» **Given data**:
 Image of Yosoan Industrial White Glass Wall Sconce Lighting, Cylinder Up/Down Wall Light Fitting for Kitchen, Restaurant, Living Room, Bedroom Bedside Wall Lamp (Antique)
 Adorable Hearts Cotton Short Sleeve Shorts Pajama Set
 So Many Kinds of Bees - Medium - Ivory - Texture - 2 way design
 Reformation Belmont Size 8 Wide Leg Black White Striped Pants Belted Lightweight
--
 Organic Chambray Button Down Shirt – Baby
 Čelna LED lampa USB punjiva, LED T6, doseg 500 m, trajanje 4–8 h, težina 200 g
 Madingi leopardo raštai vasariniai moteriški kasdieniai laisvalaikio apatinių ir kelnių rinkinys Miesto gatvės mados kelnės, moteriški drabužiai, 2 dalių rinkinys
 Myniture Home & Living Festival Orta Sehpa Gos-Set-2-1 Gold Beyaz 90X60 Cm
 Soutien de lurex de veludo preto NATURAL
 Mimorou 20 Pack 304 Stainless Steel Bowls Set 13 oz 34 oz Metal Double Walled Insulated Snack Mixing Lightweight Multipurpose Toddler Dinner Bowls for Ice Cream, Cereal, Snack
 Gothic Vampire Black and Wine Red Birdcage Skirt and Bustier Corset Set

» **Assignment**:
Please give back exactly the lines of the listing above that run from the one containing "Soutien de lurex de veludo preto NATURAL" through the one containing "Gothic Vampire Black", and only those.

» **Result for this exercise**:
 Soutien de lurex de veludo preto NATURAL
 Mimorou 20 Pack 304 Stainless Steel Bowls Set 13 oz 34 oz Metal Double Walled Insulated Snack Mixing Lightweight Multipurpose Toddler Dinner Bowls for Ice Cream, Cereal, Snack
 Gothic Vampire Black and Wine Red Birdcage Skirt and Bustier Corset Set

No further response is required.